### DATA SECTION:
*****
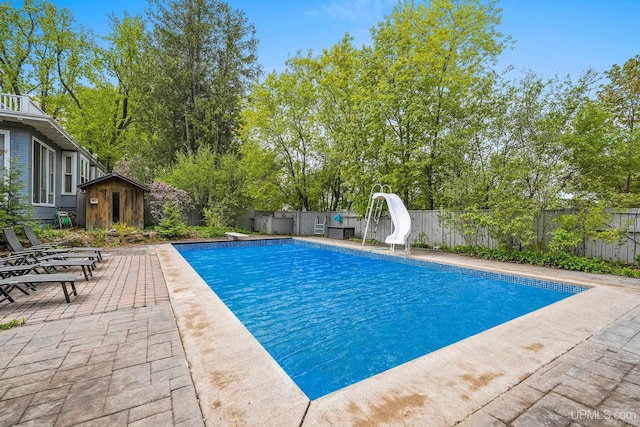 624 E G St, Iron Mountain, MI 49801 - view of pool featuring a water slide, a fenced backyard, a patio area, and view of scattered trees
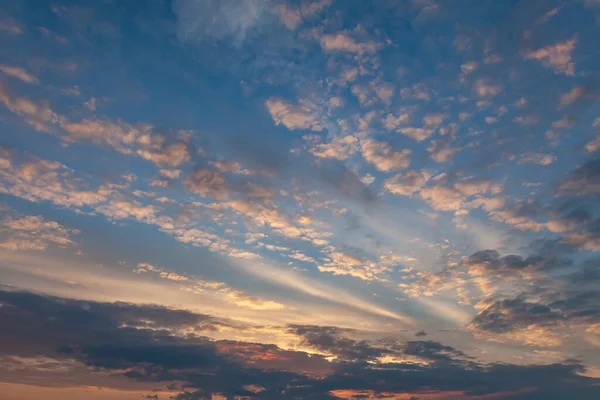 Clouds are painted by the setting sun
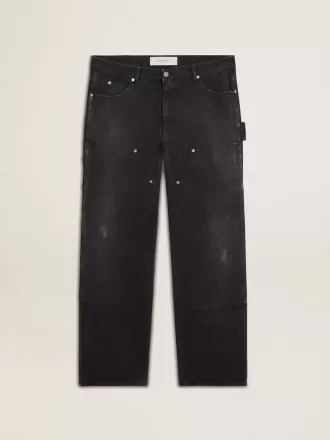 Mansjeans i svart bomull med slitna detaljer och lappar fram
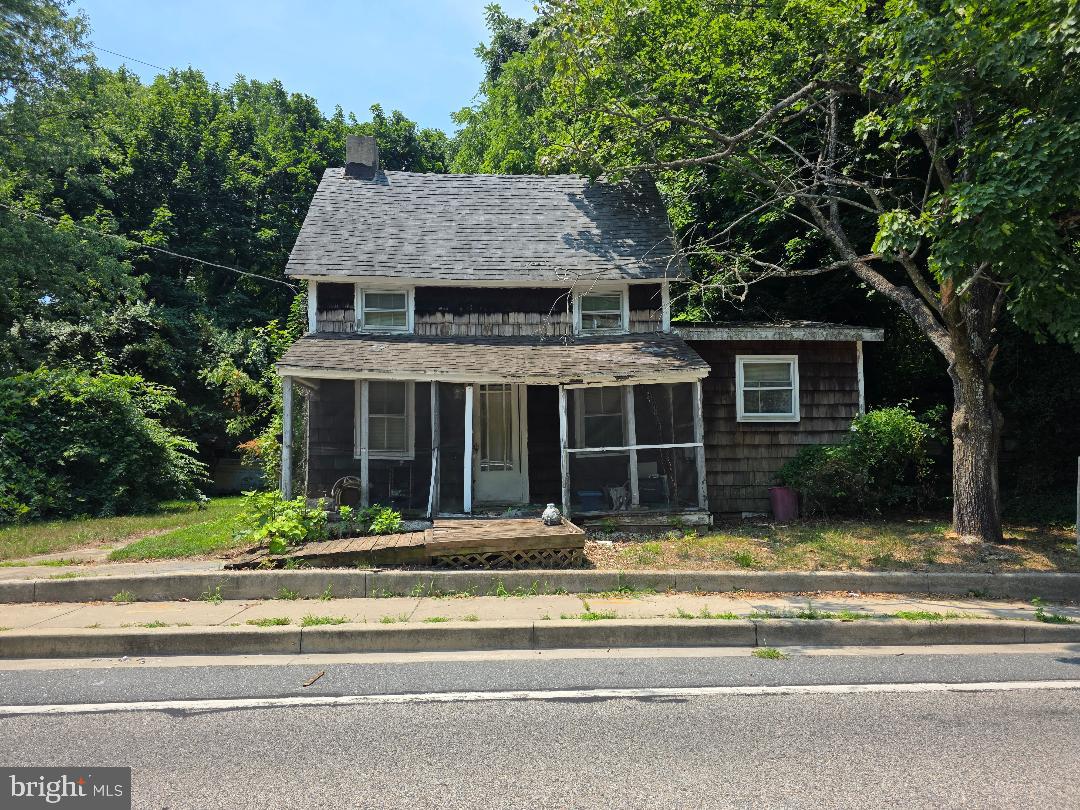 INVESTORS ALERT! This home is in need of a major renovation or a tear down. There is a basement foundation to this home. The rear of the home has suffered severe water damage. PLEASE EXCERCISE EXTREME CAUTION INSIDE AND OUTSIDE OF THIS PROPERTY. The vehicles will be removed from the prior to settlement.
*****
An exact repeat of the listing above, pictures excluded, is the answer.

### ANSWER TO THIS PROBLEM:
 624 E G St, Iron Mountain, MI 49801 - view of pool featuring a water slide, a fenced backyard, a patio area, and view of scattered trees
 Clouds are painted by the setting sun
 Mansjeans i svart bomull med slitna detaljer och lappar fram
 INVESTORS ALERT! This home is in need of a major renovation or a tear down. There is a basement foundation to this home. The rear of the home has suffered severe water damage. PLEASE EXCERCISE EXTREME CAUTION INSIDE AND OUTSIDE OF THIS PROPERTY. The vehicles will be removed from the prior to settlement.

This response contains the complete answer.